Membaca novel ini seperti menjelajah ke suatu tempat asing yang tidak terpikirkan. Cekaman adat Dayak Meratus yang mistis dan kolot sangat terasa dari paparan sebagai bentuk ritual yang dilakukan warga Malinau. Jalinan cinta Utay dan Aruni dijadikan penulis sebagai jembatan untuk mengilustrasikan ruwetnya budaya yang saling berlawanan. Sederhana, tetapi mengena. Novel ini tampaknya lebih mengedepankan aspek ilmu melalui pendekatan budaya. Namun sayang sekali, banyak konflik menarik yang mestinya bisa diharap lebih detail dan menarik, justru hanya ditampilkan secara ilustratif. Padahal, pertemuan antara adat Malinau yang kolot dengan kehidupan kota yang begitu kompromistis dan bisa menjadi pemicu sebuah konflik tajam dan dramatis. Proses penetrasi budaya yang melebur dalam diri Utay itulah yang tidak digarap penulis dengan saksama. Meskipun demikian, dari sisi paparan data tentang sebuah komunitas, tampak jelas penguasaan penulis tentang “rimba” yang dimasukinya.
Novel ini tentu sangat berharga bagi peminat sastra. Anda dapat membaca novel ini jika ingin melihat nuansa mistis dan adat yang kolot. Novel ini teramat sayang jika kita lewatkan begitu saja. Oleh karena itu, Anda dapat membaca dan memiliki novel Menolak Panggilan Pulang.
Oleh: Lily Bertha Kartika
Disadur dari:Tabloid Mingguan Semanggi, Edisi 43, Th. I, 14-20 September 2000

YANG DIRESENSI
1.       Judul Resensi     :Penetrasi yang Mengayam Kehancuran

2.       Data buku           :Fiksi,
a)                  Judul                     : Menolak Panggilan Pulang
b)                  Penulis                 :Ngarto Februana
c)                   Jenis Buku           : Fiksi
d)                  Penerbit              :Media Pressindo, Yogyakarta
e)                  Cetakan I             : Juli 2000
f)                    Tebal                     : 207 halaman

3.       Memperkenalkan pengarang: Tidak semua perubahan dan kemajuan memetik buah yang manis. Saat sebuah komunitas maupun individu diterjang datangnya perubahan baru yang tidak terantisipasi, maka yang terjadi justru kegamangan. Ternyata, tidak ada yang lebih dahsyat dari kehancuran yang disebabkan oleh meleburnya penetrasi sebuah kultur. Kehancuran ini dapat terjadi dalam sosok individu maupun komunitas.Desa Malinau adalah bagian dari tiga belas desa di Kecamatan Loksado, Perbukitan Meratus, Kalimantan Selatan. Di dalamnya hidup sekelompok warga Dayak Meratus yang sangat patuh pada tradisi nenek moyang yang turun-temurun. Dengan tingkat pendidikan masyarakat  yang rendah, tidak heran jika kemajuan pembangunan desa itu pun berjalan sangat lamban. Ketidakmengertian pada teknologi dan kegigihan untuk mempertahankan adat, akhirnya, menggiring masyarakat Malianau pada sebuah pemikiran yang selalu skeptis dan penuh curiga pada setiap orang yang datang dari luar Meratus.

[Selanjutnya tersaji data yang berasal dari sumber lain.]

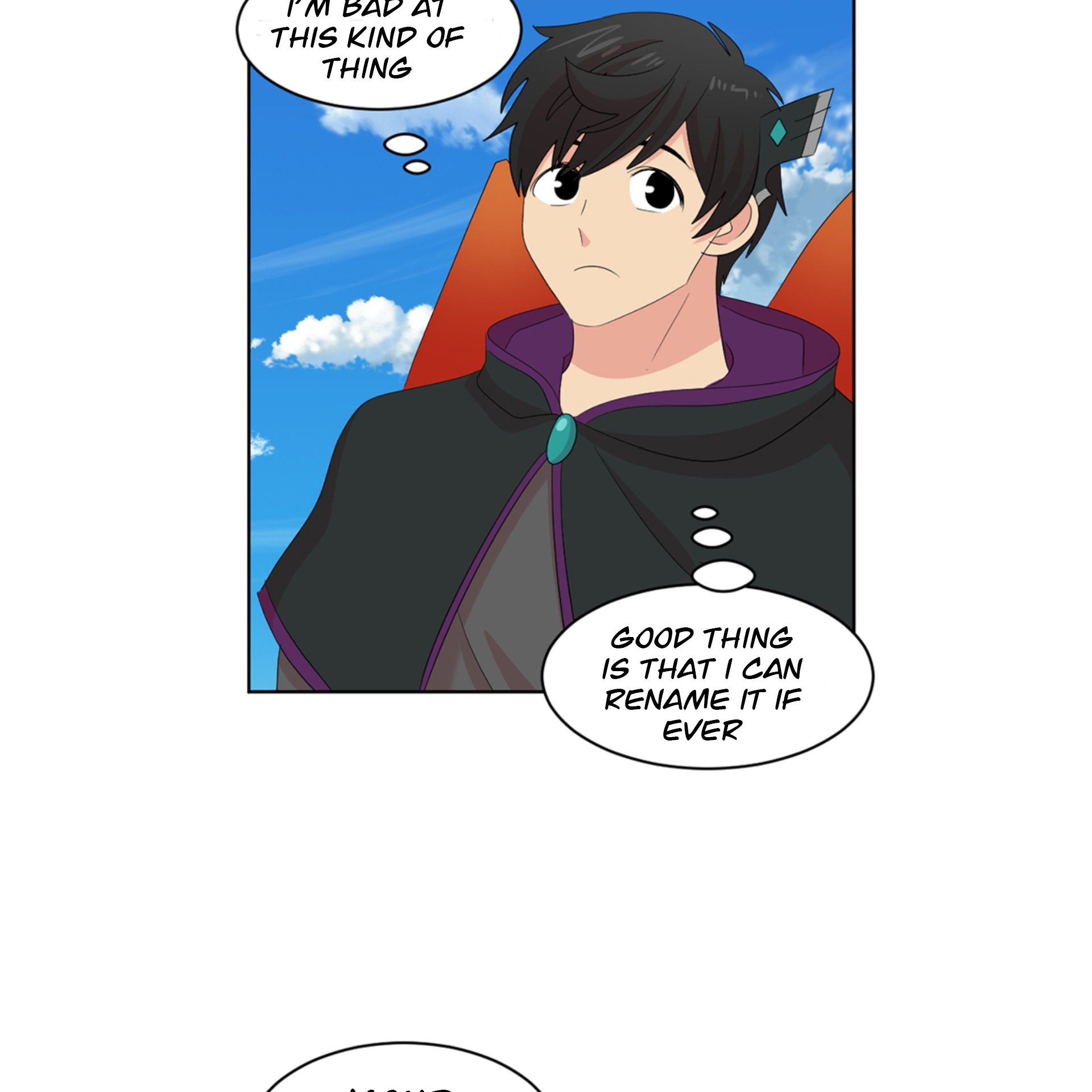 Read Reader EN Manga Online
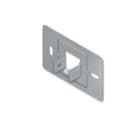 ZAMET SPA - ZATC04114040 01 ZC FLANGIA PER ATTACCO QUADRO 40X 40 08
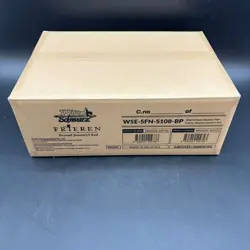 Weiss Schwarz Frieren Beyond Journey's End English 2nd Print Booster Box Case - Image 3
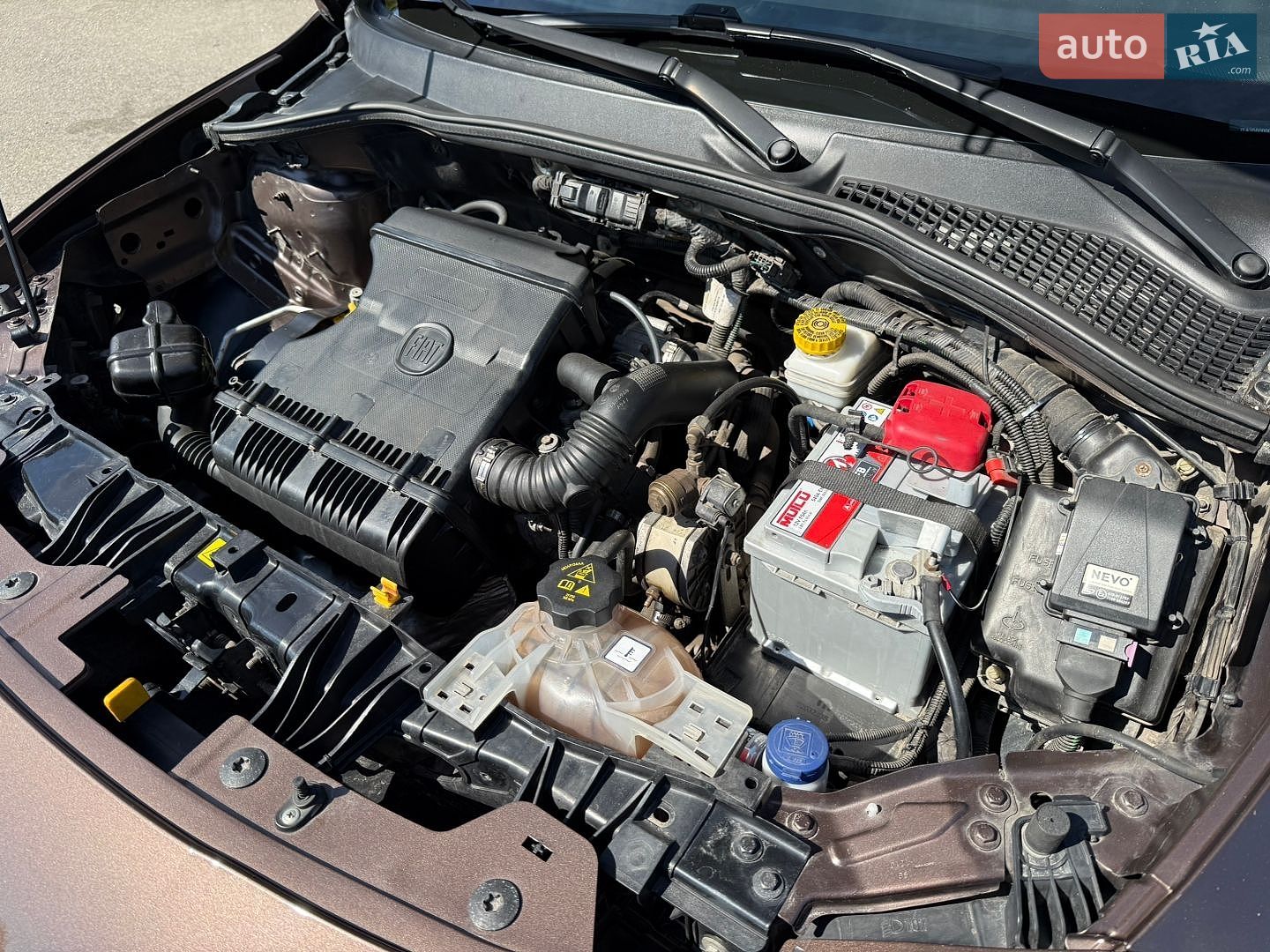 Fiat Tipo 2019 VIN ZFA35600006P31475 фото оголошення 28 з 34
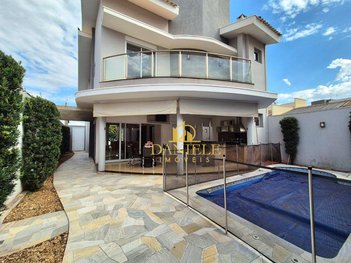 house em Avenida Deputado Federal Mário Eugênio, Parque Residencial Damha - Araraquara - SP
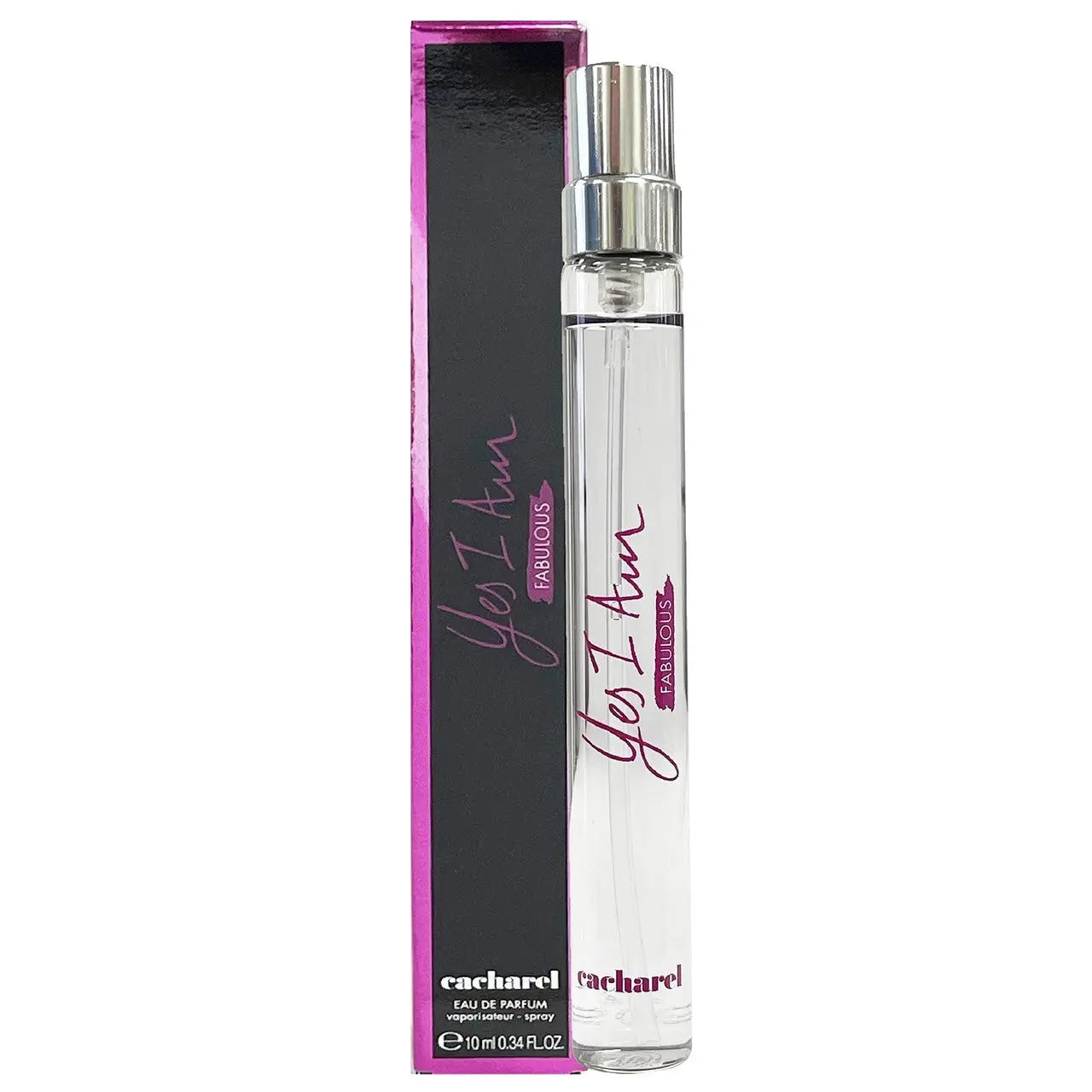 Cacharel Yes I Am Fabulous 0.34 Oz Eau De Parfum Spray Cacharel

4.       Membandingkan dengan buku sejenis: Bahasa yang digunakan pengarang dalam novel ini adalah bahasa yang lugas dan mudah dimengerti. Selain itu, dengan bahasanya yang lugas pengarang mampu menciptakan suasana mistis dan menampilkan banyak konflik.

5.       Merumuskan tema: Tidak semua perubahan dan kemajuan memetik buah yang manis. Saat sebuah komunitas maupun individu diterjang datangnya perubahan baru yang tidak terantisipasi, maka yang terjadi justru kegamangan. Ternyata, tidak ada yang lebih dahsyat dari kehancuran yang disebabkan oleh meleburnya penetrasi sebuah kultur. Kehancuran ini dapat terjadi dalam sosok individu maupun komunitas.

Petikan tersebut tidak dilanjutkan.